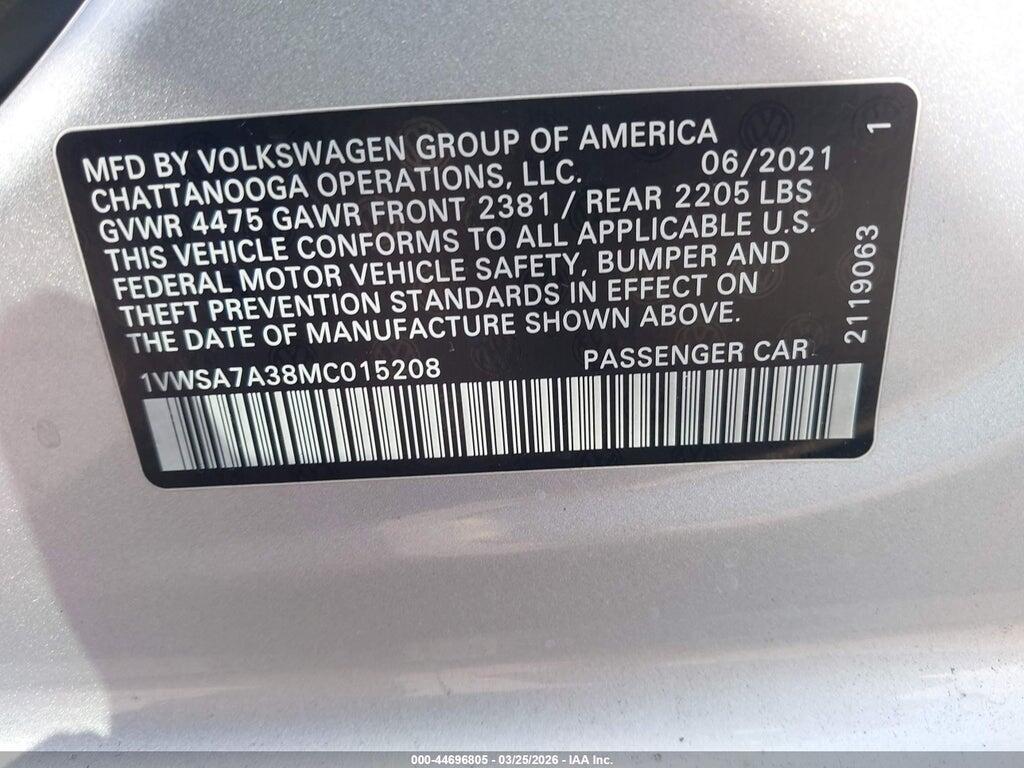 1VWSA7A38MC015208 2021 VOLKSWAGEN PASSAT photo no. 9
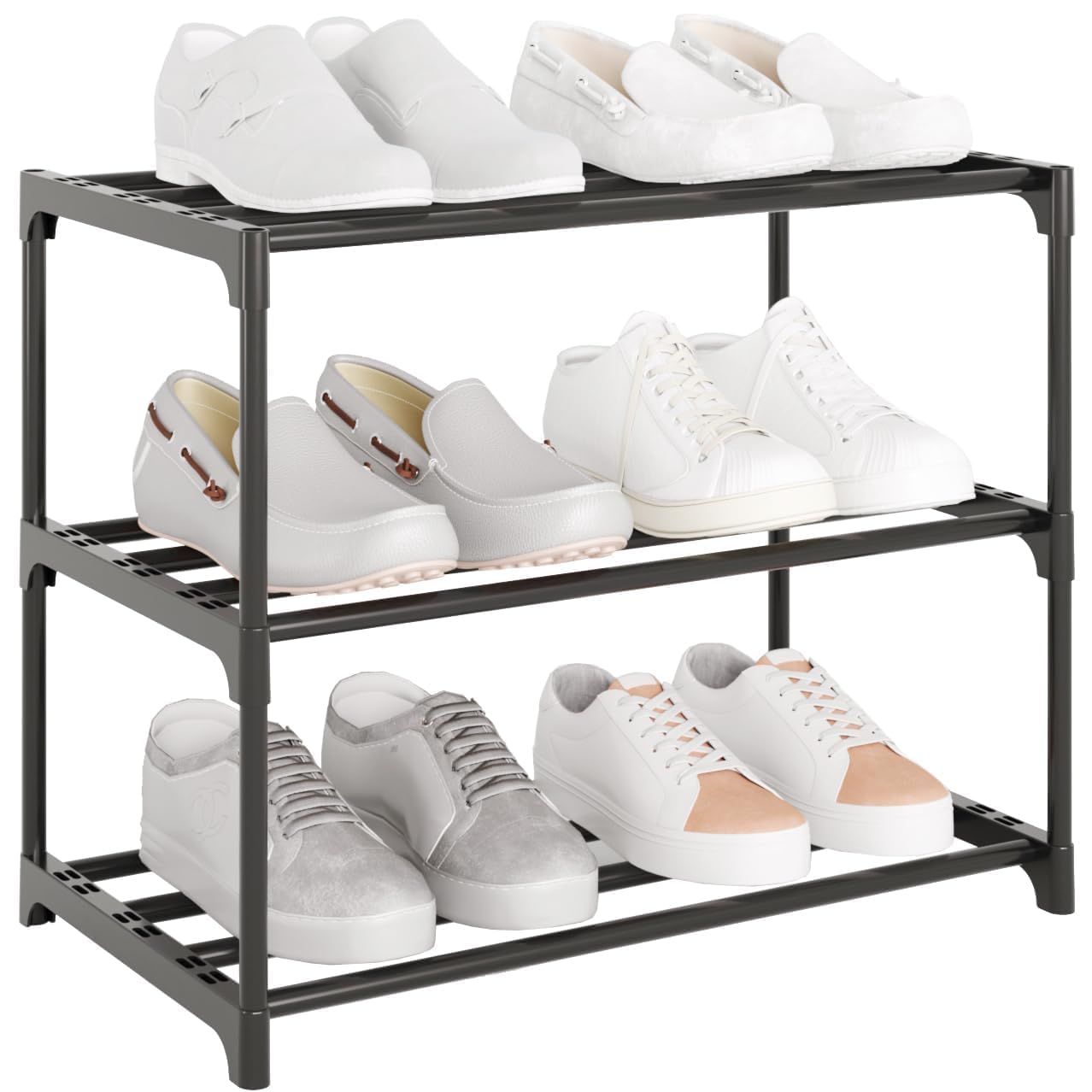 Plastic Shoe Rack for Home | Space Saving Shoe Stand & Footwear Organizer | Multi Layer Slipper & Chappal Stand | Durable Shoe Storage Rack for Entryway, Bedroom & Living Room (Black, 3)-image-40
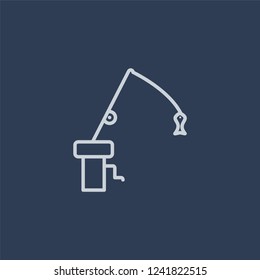 Fishing Rod icon. Fishing Rod linear design concept from Camping collection. Simple element vector illustration on dark blue background.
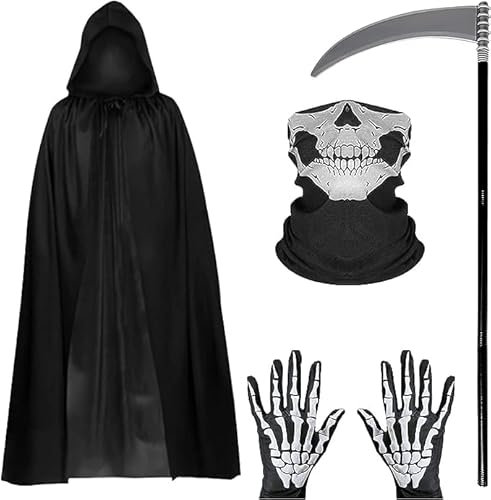 Kostüme Halloween , Sensenmann , Kapuzen-Samt-Umhang, 150 cm schwarzer mit , Schädelmaske, Geisterhandschuhe, abnehmbare -Sense, Dark Reaper-Halloween-Kostüm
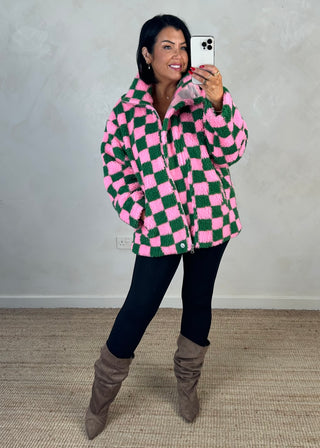 Checkerboard fleece - Pink/green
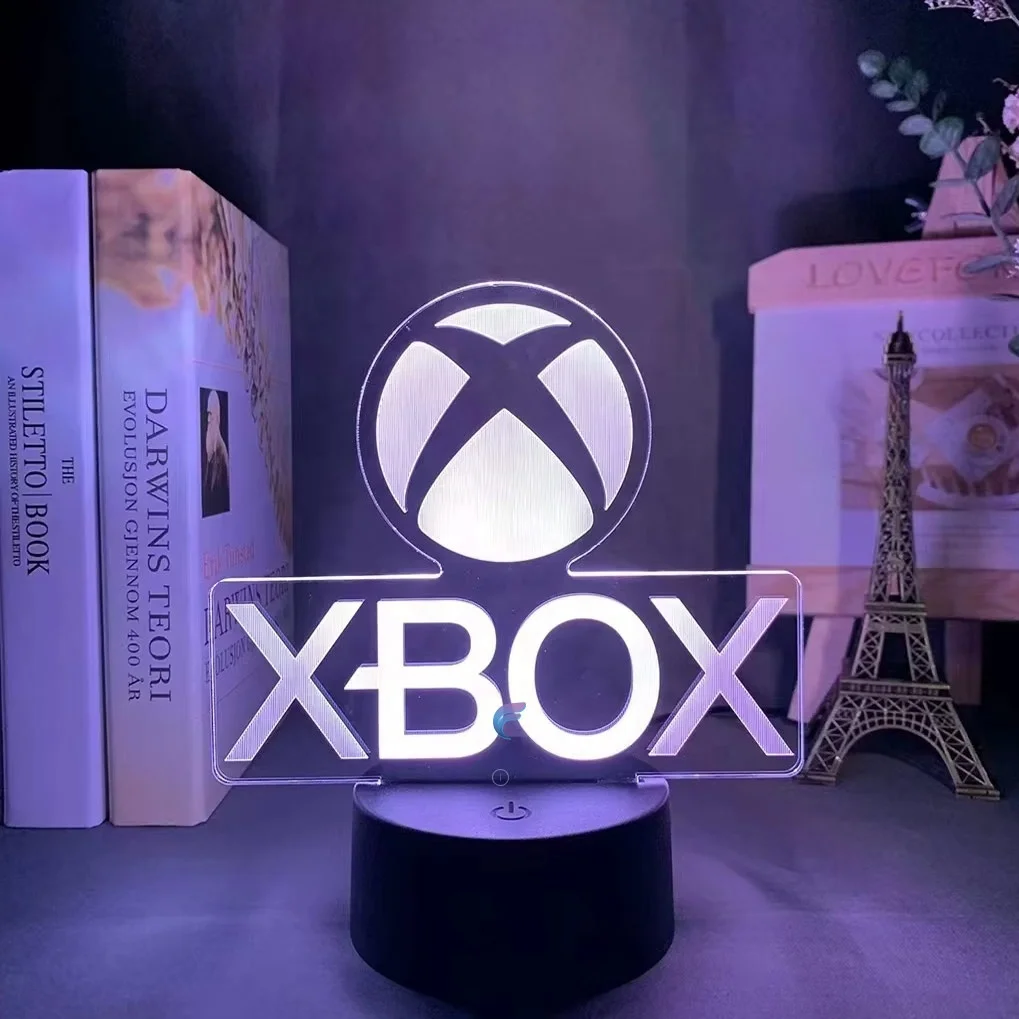 Mini 3D RGB Night Light Warm Acrylic LED Desk Lamp with Touch Control USB Rechargeable for Home Use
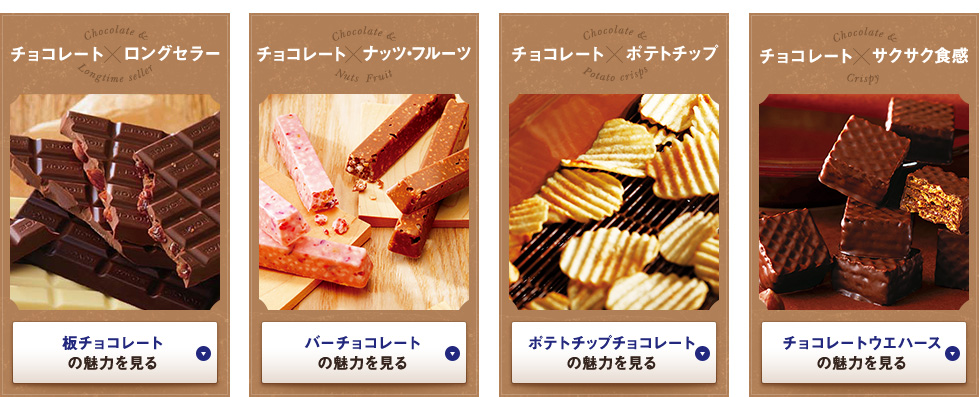 チョコレート×サクサク食感チョコレート×ナッツ・フルーツチョコレート×ロングセラーチョコレート×一口サイズ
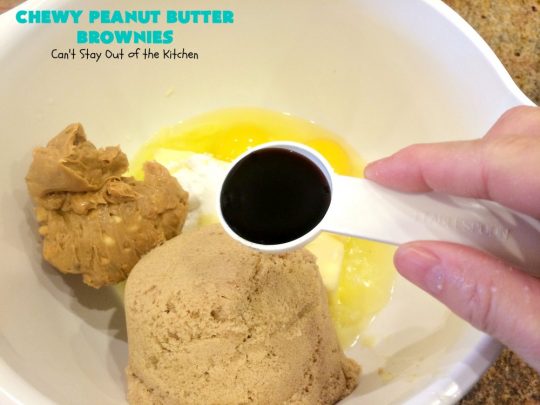 Chewy Peanut Butter Brownies | Can't Stay Out of the Kitchen | these are the best #Brownies ever! They have triple the #PeanutButter flavor with #Peanuts, #CrunchyPeanutButter & #ReesesPeanutButterChips. Every mouthful will knock your socks off! Great for potlucks, #tailgating parties, #FourthOfJuly or #LaborDay parties. #Reeses #dessert #PeanutButterDessert #PeanutButterBrownies #ChewyPeanutButterBrownies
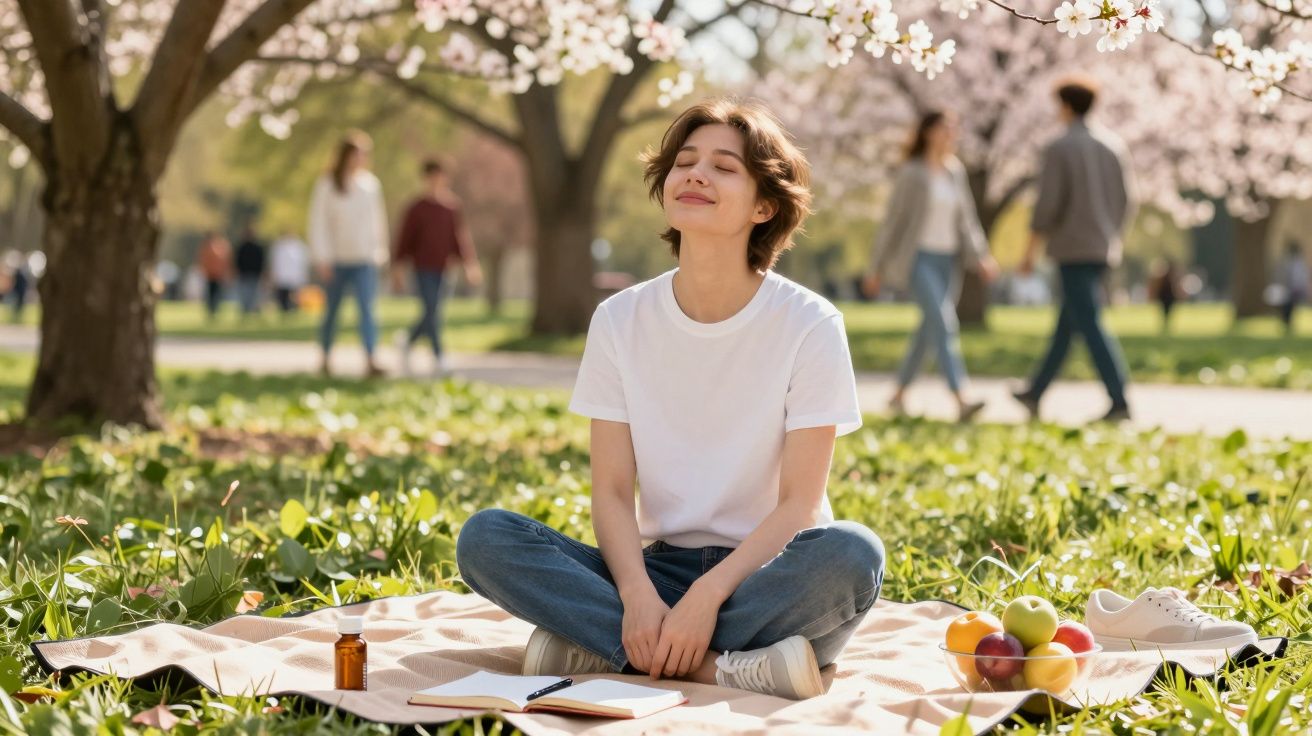 Mulher sentada em parque com olhos fechados, cercada por árvores floridas e frutas sobre manta.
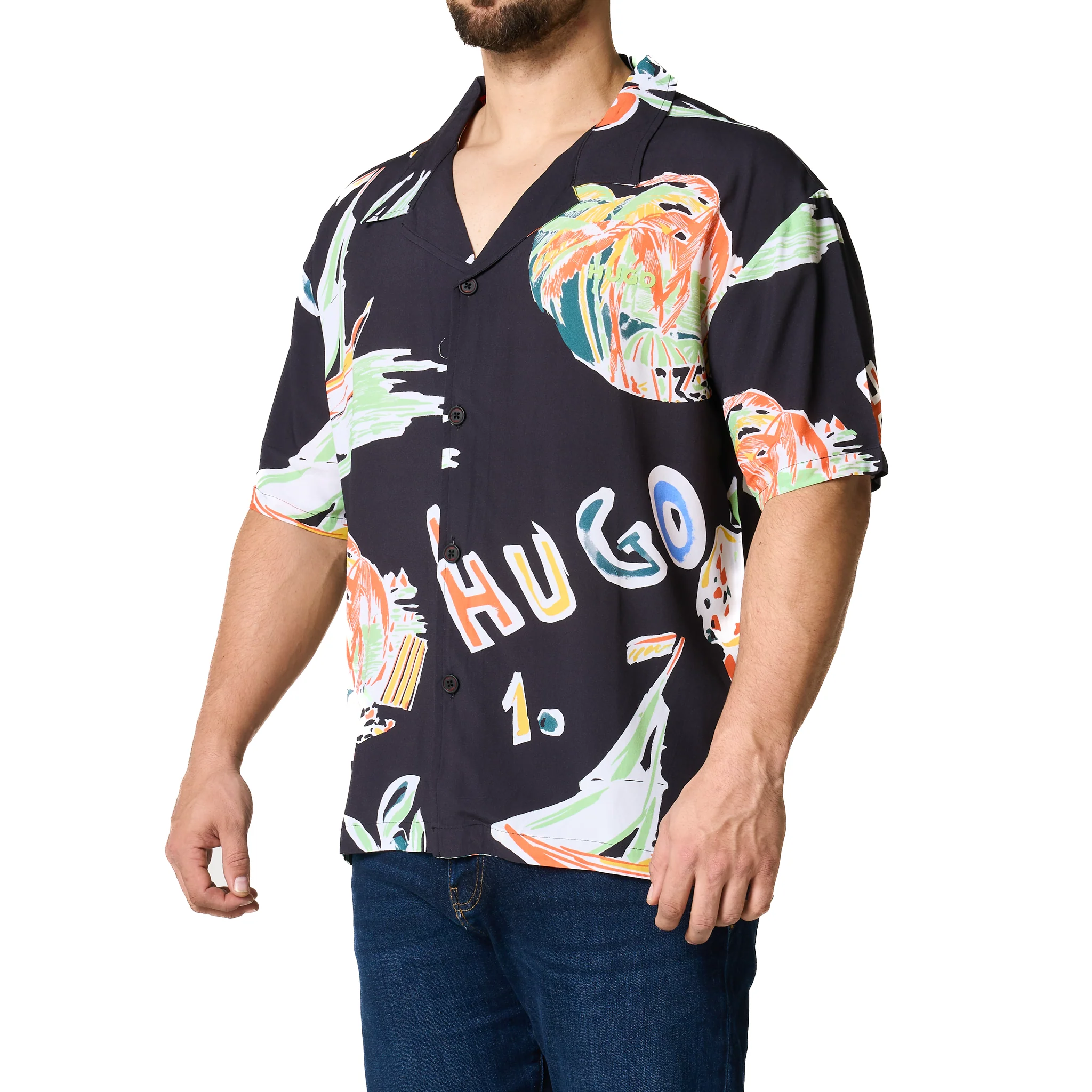 Mens HUGO Black Printed Relaxed Beach Shirt - Image 5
※ ※ ※
* [Work task]
In the entries above, which lines run from the one with "Kostüme Halloween , Sensenmann" up to and including the one with "チョコレート×サクサク食感チ"? Write them out exactly, without the pictures.

* [Finished exercise]
 Kostüme Halloween , Sensenmann , Kapuzen-Samt-Umhang, 150 cm schwarzer mit , Schädelmaske, Geisterhandschuhe, abnehmbare -Sense, Dark Reaper-Halloween-Kostüm
 Checkerboard fleece - Pink/green
 Mini 3D RGB Night Light Warm Acrylic LED Desk Lamp with Touch Control USB Rechargeable for Home Use
 チョコレート×サクサク食感チョコレート×ナッツ・フルーツチョコレート×ロングセラーチョコレート×一口サイズ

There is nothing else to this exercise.